Machado se foi para a Covid 19, em um momento em que o negacionismo do presidente e de seus defensores impedia que vacinas chegassem e salvassem nosso povo, mostrando a faceta mais cruel de um governo que nunca poderia ter chegado ao poder, dado o total descaso com a vida humana. Talvez os livros de Sociologia nunca tragam um conceito meu. Mas o do Machado está lá. E, como fui aluno dele, sinto-me como um filho intelectual. Assim, tal como no caso das obras de arte, os livros continuarão a manter o Machado vivo. A Covid matou mais um entre mais de 630 mil brasileiros. Mas as ideias ficam. 
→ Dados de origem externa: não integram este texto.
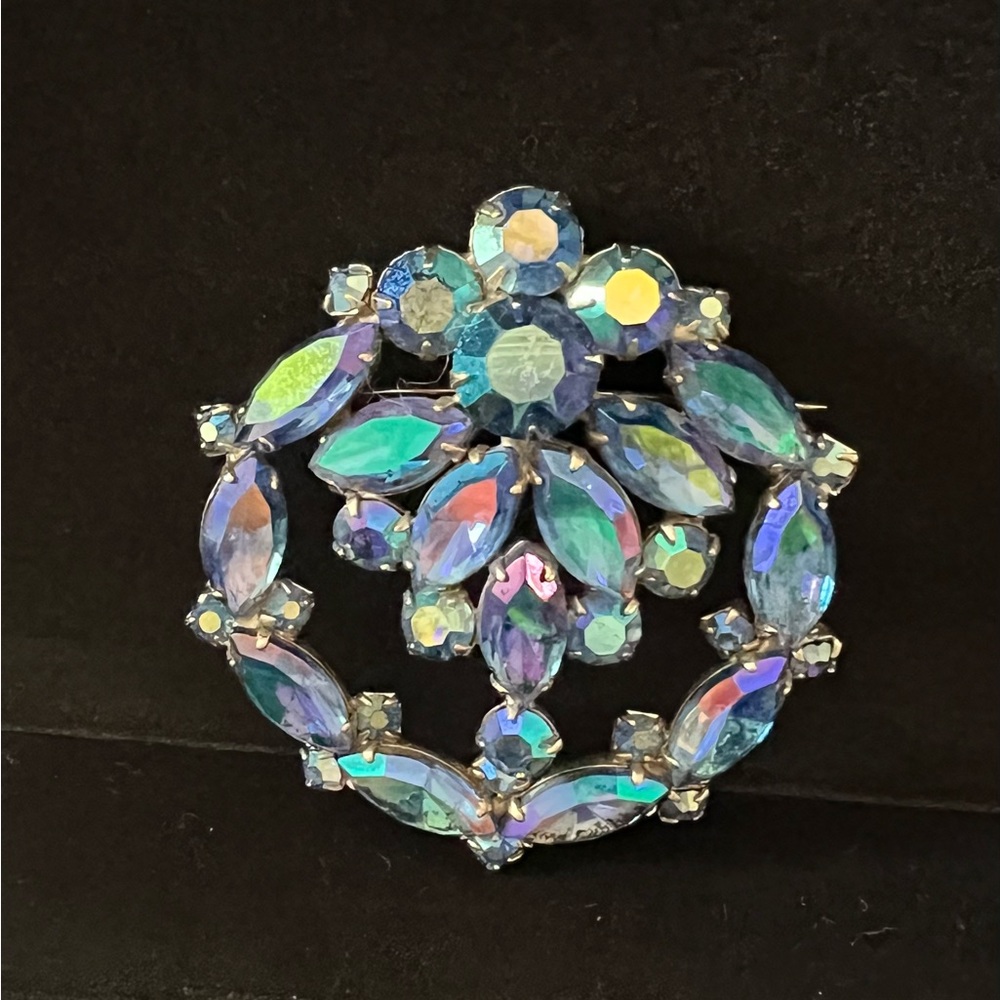 Vintage Weiss Brooch sparkling blue multi faceted colorful Borealis crystals~EUC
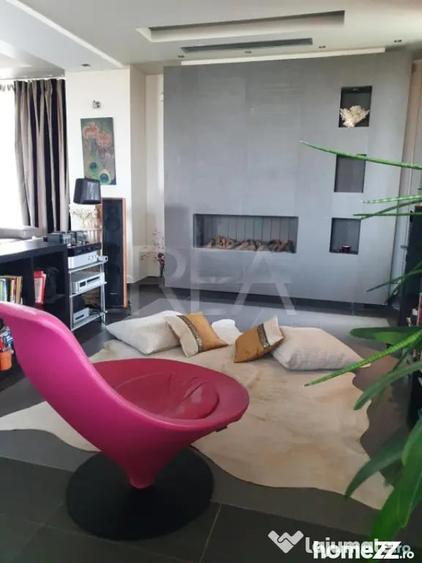 Apartament cu 5 camere decomandat în Matei Voievod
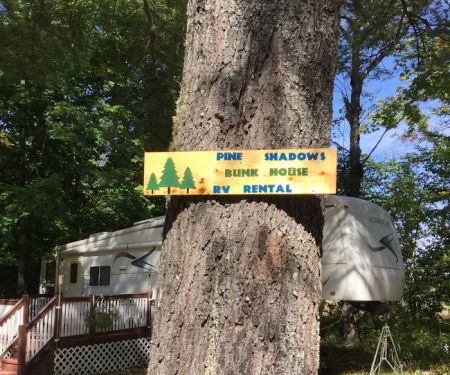 Pine Grove Campground & Cottages
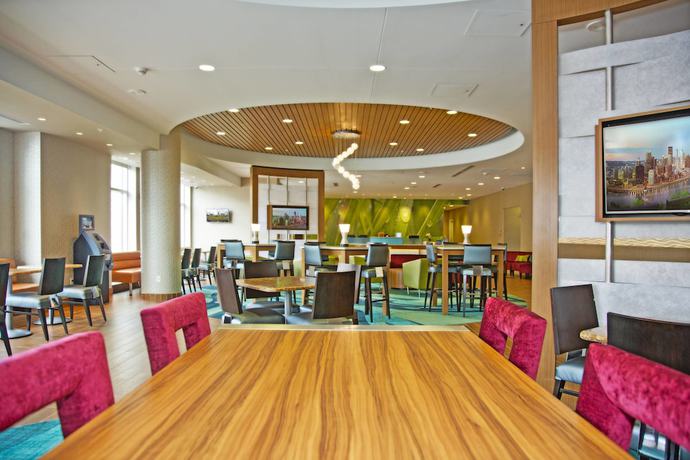 Imagen del bar/restaurante del Hotel Springhill Suites By Marriott Pittsburgh Mt. Lebanon. Foto 5
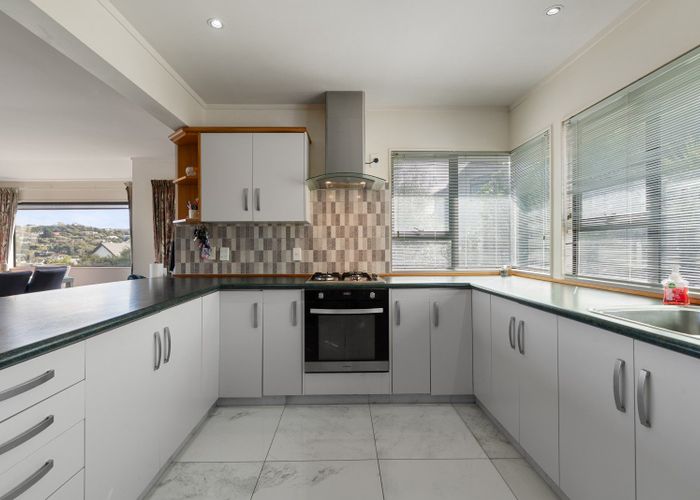  at 60 Molyneux Close, Whitby, Porirua, Wellington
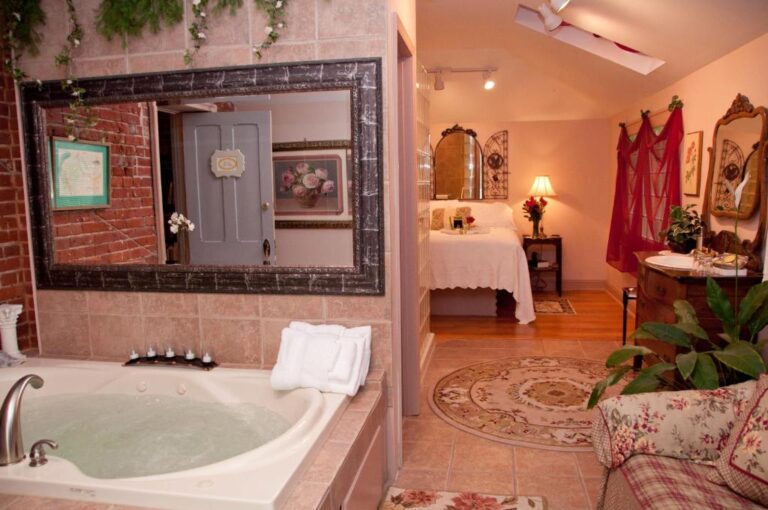 luxury accommodations in Kansas City with hot tub 2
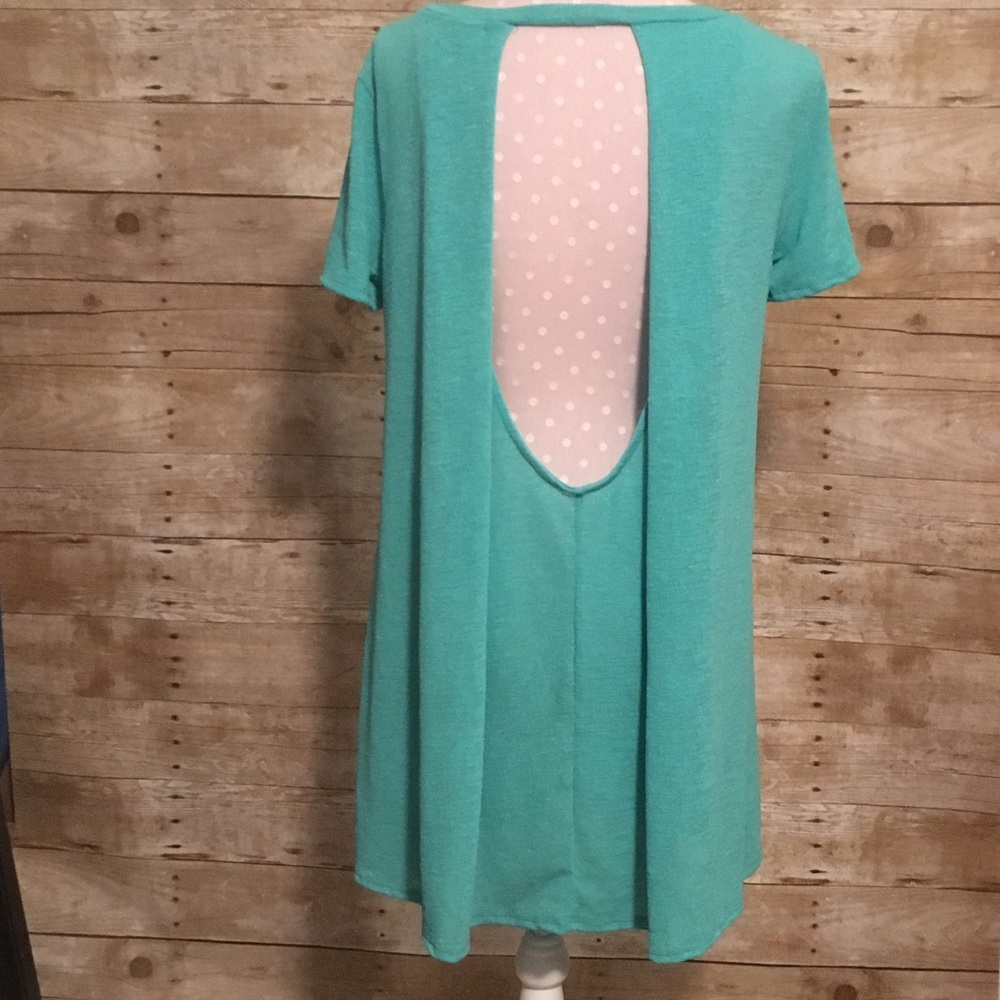 Keyhole  shift dress 🎉LAST ONE - Picture 3 of 4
liberdade, beleza e Graça...


sexta-feira, 17 de dezembro de 2021

"Retratos de uma pandemia: cacetinho"

Ele era intérprete de surdos, professor de LIBRAS, além de ser pastor auxiliar em uma igreja no Vale do Paraíba. Como era obeso e estava longe da família, que mora em Santa Maria, no Rio Grande do Sul, resolveu pedir umas férias à igreja e ficar perto da família até a pandemia acalmar um pouco, já que, para quem é do grupo de risco, estar perto de familiares e amigos de longa data é a melhor coisa.

Pegou Covid 19 justamente no sul do país, junto da família, e não resistiu aos efeitos perversos da doença. Não teve velório e nem os familiares puderam estar no sepultamento, por mais cruel que isso possa parecer. O pastor Edison, o Edinho, como era carinhosamente chamado, foi mais uma das quase 620 mil vítimas da Covid. Conheci-o no seminário, onde nos formamos em Teologia, e em raras ocasiões nessa vida eu vi alguém mais alegre e que alegrasse mais o ambiente. 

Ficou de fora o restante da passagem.